Making Fire the Old-Fashioned Way


Making Fire the Old-Fashioned Way

When you need a fire, you NEED a fire. And in this video, the Townsends folks take a look at fire-starting in the 1700s and earlier, showing just how easy it can be to make fire without matches or a lighter.

Right off, we hear about the “triangle of fire.” This means that if you have ample heat, oxygen, and fuel, you will have fire. Well all right!

A demonstration with flint and steel — actual flint and actual steel — shows that although the flint shaves off steel with each strike and that steel combusts in the form of sparks, you won’t get a fire with that alone. But place just the right tinder — he uses char cloth — in just the right place, and you can capture those hot hunks of steel in a way that will begin to smolder in the tinder.

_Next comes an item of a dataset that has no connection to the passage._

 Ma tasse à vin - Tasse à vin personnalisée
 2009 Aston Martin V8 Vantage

Add oxygen, and you have a pretty good ember. What to do with it? Well heck — add it to a bird’s nest of course. “Bird’s nest” is his term for a bundle of tinder and fuel, used to transform the newborn fire from ember to flame.

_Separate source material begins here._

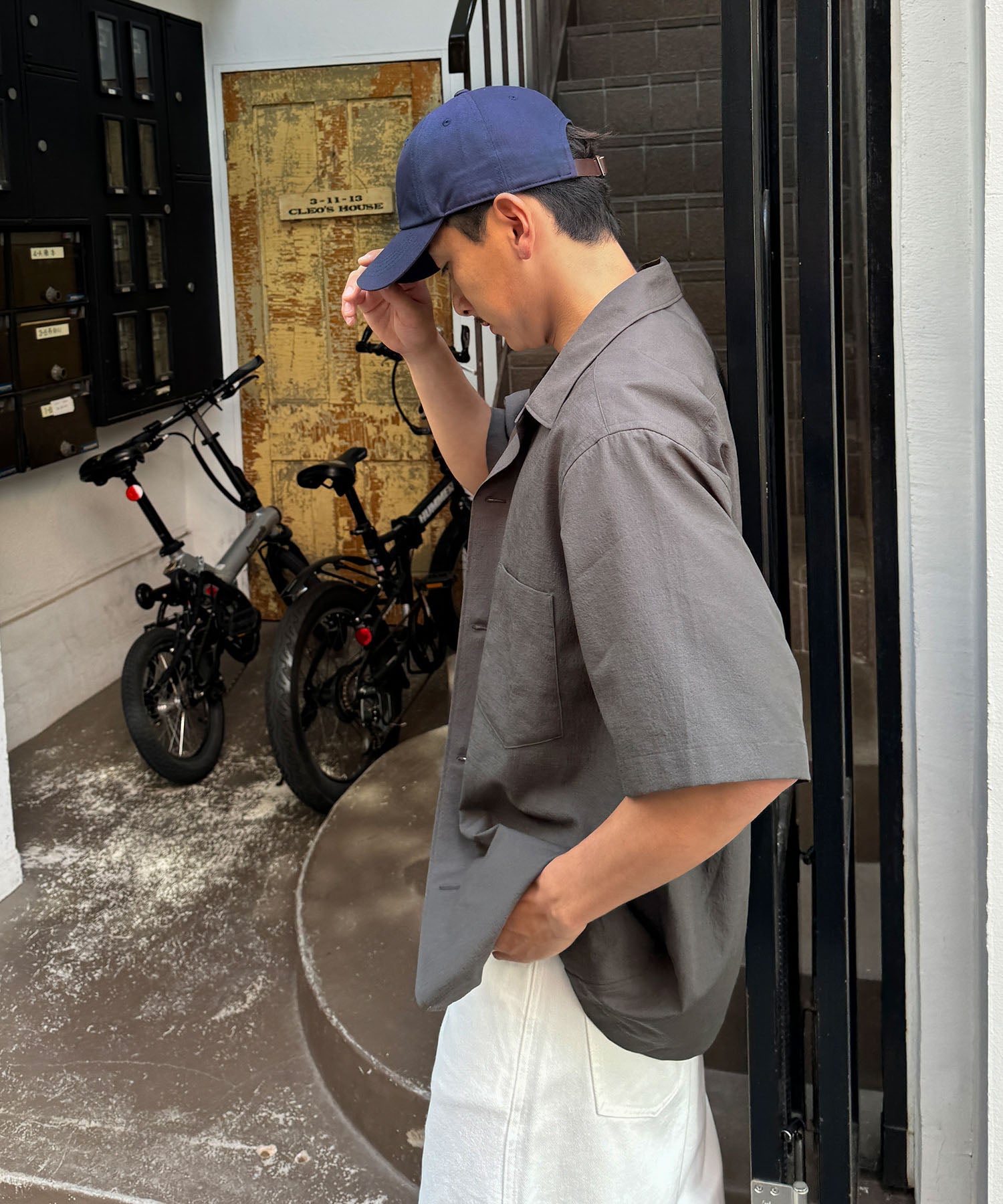 P ロゴCAP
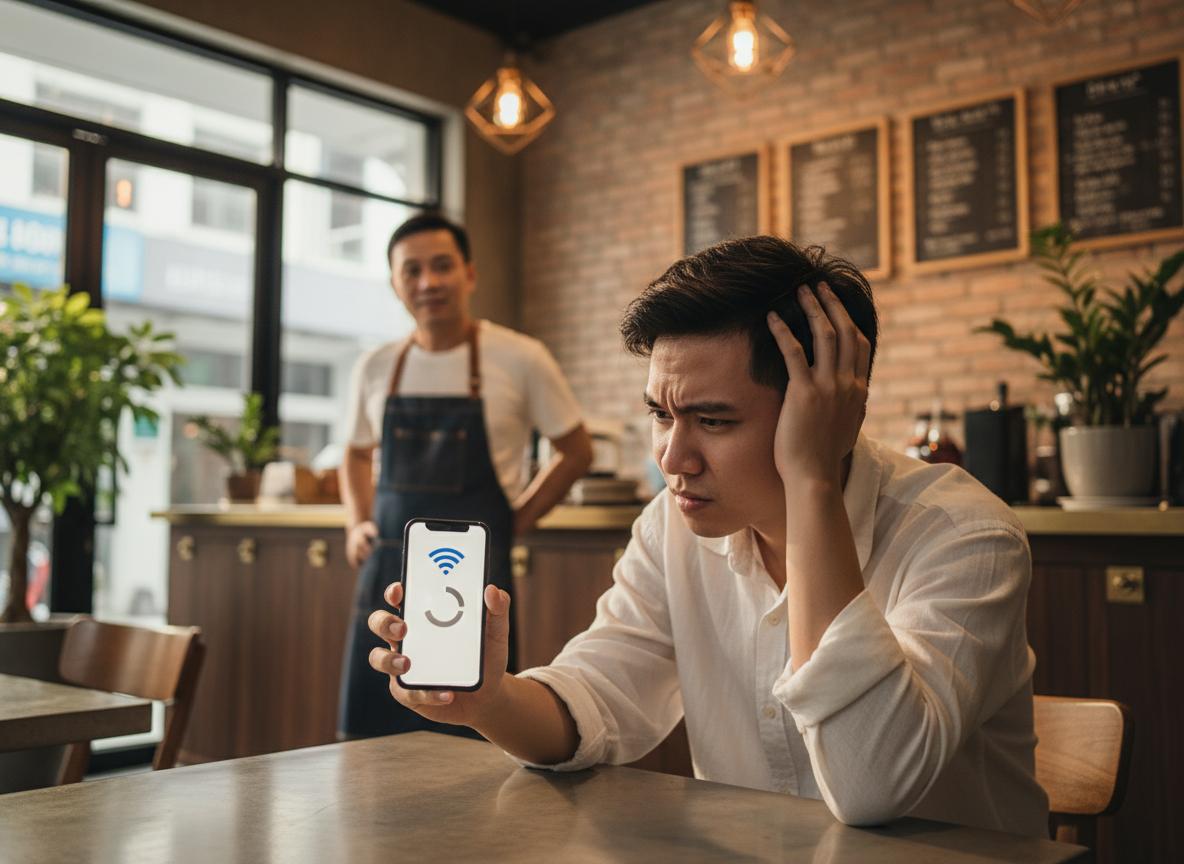 Những sai lầm phổ biến khiến WiFi quán cafe chập chờn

As a bonus, at the six-minute mark he starts telling us how to make char cloth — which seems like a great thing to do, because his charred cloth was easily lit by just a few sparks. He also adds some punk wood to the tin along with the natural fiber cloth (he used cotton).

After making some new char cloth, they ignite it to an ember by one stroke of the cock on a flintlock rifle. Sweet!